DATA BELOW Start Marker

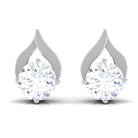 Round Cubic Zirconia Solitaire Petal Stud Earrings Zircon - ( AAAA ) - Quality - Rosec Jewels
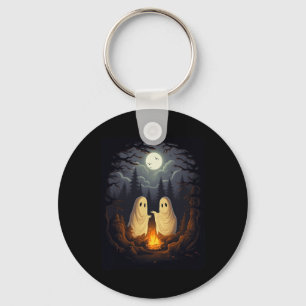 Ghost Camping Campfire Gothic Halloween Men Women Key Ring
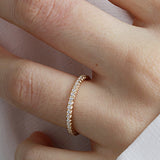 14K Gold 1.8mm French Cut All Around Diamond Wedding Band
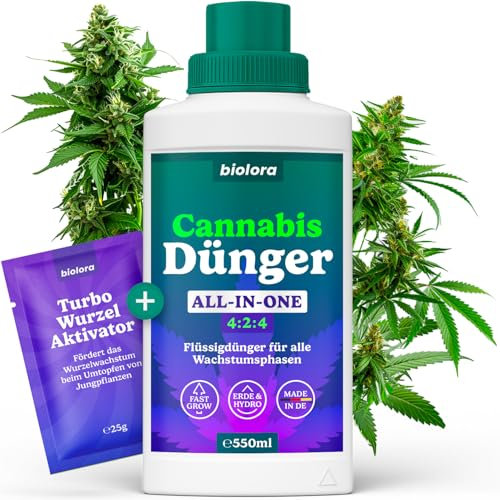 BIOLORA® 550ml Grow 'n Bloom - Dünger Konzentrat mit Wurzelaktivator - All-In-One Wachstum und Blüten-Dünger für - Indoor & Outdoor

DATA BELOW End Marker

*EXERCISE BRIEF:* No pictures belong in the copy; quote exactly the lines from the line containing "14K Gold 1.8mm" through the final line of the material, both ends included.

*FINAL ANSWER:*
 14K Gold 1.8mm French Cut All Around Diamond Wedding Band
 BIOLORA® 550ml Grow 'n Bloom - Dünger Konzentrat mit Wurzelaktivator - All-In-One Wachstum und Blüten-Dünger für - Indoor & Outdoor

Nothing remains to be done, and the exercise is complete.